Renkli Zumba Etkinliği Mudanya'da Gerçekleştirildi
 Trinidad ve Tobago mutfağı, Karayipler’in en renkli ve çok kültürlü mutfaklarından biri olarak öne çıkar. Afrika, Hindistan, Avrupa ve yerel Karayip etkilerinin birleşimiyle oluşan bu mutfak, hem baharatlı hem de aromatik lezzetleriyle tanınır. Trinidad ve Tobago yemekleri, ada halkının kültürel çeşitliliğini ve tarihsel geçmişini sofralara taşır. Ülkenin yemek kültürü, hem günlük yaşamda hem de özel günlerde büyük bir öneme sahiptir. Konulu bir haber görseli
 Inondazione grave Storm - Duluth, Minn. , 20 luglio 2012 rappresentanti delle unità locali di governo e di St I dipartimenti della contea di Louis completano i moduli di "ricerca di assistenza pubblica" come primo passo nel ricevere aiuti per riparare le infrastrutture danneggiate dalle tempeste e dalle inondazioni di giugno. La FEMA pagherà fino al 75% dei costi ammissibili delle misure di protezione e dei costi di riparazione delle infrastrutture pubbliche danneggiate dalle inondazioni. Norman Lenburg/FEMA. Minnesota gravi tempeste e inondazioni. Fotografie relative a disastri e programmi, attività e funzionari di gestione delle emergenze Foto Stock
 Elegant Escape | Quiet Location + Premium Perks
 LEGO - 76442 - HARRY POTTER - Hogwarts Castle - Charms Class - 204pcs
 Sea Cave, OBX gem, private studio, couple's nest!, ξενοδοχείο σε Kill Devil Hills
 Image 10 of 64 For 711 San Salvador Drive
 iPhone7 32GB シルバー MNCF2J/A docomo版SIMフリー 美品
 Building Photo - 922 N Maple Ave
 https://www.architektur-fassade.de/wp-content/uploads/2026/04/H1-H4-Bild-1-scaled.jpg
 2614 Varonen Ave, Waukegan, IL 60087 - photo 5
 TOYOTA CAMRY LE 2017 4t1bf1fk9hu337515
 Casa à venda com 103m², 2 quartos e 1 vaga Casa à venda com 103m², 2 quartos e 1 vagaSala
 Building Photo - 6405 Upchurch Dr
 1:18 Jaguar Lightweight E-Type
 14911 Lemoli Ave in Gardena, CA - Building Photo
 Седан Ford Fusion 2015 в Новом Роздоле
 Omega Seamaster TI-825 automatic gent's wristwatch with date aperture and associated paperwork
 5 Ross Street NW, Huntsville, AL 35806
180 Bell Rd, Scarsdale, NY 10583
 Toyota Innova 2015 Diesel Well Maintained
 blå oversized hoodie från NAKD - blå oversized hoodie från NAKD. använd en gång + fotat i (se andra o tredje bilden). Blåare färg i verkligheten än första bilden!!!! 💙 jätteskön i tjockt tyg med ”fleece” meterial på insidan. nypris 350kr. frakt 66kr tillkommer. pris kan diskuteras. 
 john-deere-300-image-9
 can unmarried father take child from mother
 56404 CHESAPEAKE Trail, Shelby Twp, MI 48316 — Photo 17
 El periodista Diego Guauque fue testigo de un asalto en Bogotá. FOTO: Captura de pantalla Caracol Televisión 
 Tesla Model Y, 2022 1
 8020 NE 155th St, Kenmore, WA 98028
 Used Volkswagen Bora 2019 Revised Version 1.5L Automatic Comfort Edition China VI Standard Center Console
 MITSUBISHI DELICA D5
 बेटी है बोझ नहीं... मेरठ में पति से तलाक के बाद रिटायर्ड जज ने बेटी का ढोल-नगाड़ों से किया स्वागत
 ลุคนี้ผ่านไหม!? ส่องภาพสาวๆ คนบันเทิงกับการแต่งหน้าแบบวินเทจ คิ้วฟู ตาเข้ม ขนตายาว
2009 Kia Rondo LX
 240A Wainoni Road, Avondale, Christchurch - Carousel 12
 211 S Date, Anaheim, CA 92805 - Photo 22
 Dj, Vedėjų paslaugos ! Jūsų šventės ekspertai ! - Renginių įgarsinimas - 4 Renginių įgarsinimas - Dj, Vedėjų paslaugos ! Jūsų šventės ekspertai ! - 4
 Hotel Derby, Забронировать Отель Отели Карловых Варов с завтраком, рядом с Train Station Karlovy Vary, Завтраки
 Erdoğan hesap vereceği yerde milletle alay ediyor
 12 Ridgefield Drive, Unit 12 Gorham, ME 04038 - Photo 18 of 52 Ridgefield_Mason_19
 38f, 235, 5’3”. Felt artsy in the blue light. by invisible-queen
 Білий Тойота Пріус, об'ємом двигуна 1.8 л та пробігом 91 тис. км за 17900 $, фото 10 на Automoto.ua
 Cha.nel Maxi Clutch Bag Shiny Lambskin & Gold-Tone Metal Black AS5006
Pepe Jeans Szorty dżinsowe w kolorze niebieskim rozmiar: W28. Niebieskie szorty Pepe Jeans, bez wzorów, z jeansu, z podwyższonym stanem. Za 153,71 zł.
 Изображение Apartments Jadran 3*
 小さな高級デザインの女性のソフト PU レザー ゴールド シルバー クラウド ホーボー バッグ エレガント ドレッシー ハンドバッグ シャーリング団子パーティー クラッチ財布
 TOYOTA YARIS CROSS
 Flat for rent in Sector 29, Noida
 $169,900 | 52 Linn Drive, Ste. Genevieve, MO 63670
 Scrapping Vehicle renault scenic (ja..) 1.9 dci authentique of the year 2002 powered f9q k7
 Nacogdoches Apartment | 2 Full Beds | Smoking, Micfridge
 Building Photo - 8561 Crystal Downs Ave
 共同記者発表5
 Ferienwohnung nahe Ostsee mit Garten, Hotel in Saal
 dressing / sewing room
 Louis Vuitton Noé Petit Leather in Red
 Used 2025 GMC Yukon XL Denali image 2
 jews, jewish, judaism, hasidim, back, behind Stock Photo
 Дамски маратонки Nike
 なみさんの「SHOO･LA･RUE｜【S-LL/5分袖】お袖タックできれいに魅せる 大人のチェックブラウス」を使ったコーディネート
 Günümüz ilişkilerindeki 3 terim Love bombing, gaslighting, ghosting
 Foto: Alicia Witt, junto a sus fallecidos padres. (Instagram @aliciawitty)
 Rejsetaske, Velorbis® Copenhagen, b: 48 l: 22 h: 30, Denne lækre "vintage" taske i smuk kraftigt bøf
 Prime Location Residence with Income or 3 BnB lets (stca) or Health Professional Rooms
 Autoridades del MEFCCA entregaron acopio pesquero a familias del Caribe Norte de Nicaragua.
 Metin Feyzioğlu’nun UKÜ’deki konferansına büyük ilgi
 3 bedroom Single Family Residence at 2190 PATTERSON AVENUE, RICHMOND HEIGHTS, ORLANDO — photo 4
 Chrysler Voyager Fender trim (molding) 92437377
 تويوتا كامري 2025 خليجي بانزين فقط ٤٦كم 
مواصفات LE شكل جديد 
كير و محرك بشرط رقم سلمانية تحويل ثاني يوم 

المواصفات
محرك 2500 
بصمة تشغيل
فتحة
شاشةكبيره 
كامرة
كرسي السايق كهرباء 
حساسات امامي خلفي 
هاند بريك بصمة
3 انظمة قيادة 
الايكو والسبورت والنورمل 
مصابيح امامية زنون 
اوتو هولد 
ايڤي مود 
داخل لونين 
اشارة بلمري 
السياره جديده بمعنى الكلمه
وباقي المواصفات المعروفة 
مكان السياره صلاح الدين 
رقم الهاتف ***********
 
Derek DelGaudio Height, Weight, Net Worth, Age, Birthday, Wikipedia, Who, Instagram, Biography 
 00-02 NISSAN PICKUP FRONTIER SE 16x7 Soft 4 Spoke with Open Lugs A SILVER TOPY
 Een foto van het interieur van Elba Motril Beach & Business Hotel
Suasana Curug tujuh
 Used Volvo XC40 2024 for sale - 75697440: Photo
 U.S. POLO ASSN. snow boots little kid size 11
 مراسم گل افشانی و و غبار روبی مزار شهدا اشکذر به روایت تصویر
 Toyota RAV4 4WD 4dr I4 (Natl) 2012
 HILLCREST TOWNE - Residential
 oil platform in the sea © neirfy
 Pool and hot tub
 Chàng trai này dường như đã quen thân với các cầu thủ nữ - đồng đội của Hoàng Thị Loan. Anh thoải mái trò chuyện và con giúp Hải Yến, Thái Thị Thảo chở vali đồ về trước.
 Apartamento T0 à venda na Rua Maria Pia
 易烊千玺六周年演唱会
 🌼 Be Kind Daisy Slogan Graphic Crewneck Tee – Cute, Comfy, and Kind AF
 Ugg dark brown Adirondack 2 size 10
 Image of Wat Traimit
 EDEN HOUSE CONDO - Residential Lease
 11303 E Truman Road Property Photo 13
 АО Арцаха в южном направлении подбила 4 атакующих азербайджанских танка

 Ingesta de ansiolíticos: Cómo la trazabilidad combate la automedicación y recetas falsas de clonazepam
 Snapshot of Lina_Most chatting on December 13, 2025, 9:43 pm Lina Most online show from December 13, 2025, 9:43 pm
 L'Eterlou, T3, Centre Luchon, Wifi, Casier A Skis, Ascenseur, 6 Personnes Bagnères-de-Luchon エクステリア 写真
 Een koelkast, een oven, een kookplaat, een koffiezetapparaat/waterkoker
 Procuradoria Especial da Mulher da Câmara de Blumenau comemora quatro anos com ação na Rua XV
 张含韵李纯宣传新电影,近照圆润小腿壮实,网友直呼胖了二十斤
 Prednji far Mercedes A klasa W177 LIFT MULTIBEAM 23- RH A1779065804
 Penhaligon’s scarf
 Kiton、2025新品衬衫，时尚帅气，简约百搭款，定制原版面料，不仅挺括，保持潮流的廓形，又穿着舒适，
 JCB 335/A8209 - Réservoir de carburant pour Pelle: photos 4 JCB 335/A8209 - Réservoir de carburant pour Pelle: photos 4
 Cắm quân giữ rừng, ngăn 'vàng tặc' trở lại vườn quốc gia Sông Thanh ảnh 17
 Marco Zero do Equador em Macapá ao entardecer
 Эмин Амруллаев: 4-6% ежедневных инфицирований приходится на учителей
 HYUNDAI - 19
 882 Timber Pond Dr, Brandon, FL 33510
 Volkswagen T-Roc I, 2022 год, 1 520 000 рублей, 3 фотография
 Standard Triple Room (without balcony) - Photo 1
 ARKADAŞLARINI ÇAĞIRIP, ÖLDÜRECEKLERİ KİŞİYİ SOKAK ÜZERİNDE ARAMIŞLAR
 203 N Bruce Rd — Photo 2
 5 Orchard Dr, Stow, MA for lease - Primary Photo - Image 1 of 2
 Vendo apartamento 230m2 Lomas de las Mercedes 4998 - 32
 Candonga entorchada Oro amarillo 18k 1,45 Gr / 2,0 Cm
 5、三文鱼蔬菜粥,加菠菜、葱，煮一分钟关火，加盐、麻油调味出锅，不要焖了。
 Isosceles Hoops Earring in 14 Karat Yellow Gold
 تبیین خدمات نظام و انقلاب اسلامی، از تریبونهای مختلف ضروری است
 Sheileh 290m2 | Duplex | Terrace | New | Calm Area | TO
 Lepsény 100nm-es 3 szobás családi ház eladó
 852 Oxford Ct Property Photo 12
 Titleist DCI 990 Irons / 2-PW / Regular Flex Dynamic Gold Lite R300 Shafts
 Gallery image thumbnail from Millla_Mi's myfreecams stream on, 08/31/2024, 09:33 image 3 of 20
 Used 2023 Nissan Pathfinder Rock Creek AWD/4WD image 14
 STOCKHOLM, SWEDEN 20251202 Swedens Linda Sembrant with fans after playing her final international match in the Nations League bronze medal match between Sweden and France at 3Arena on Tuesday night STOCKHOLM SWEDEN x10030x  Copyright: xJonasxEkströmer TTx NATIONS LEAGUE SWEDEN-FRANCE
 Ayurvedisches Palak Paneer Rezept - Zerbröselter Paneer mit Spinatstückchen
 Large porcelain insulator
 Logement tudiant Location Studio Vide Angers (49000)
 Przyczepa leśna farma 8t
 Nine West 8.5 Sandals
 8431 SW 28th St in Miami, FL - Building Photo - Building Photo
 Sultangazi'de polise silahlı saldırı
==========
__EXERCISE PROMPT__
The answer must be a single number: how many lines above contain the word "Volkswagen".

__FINISHED EXERCISE__
2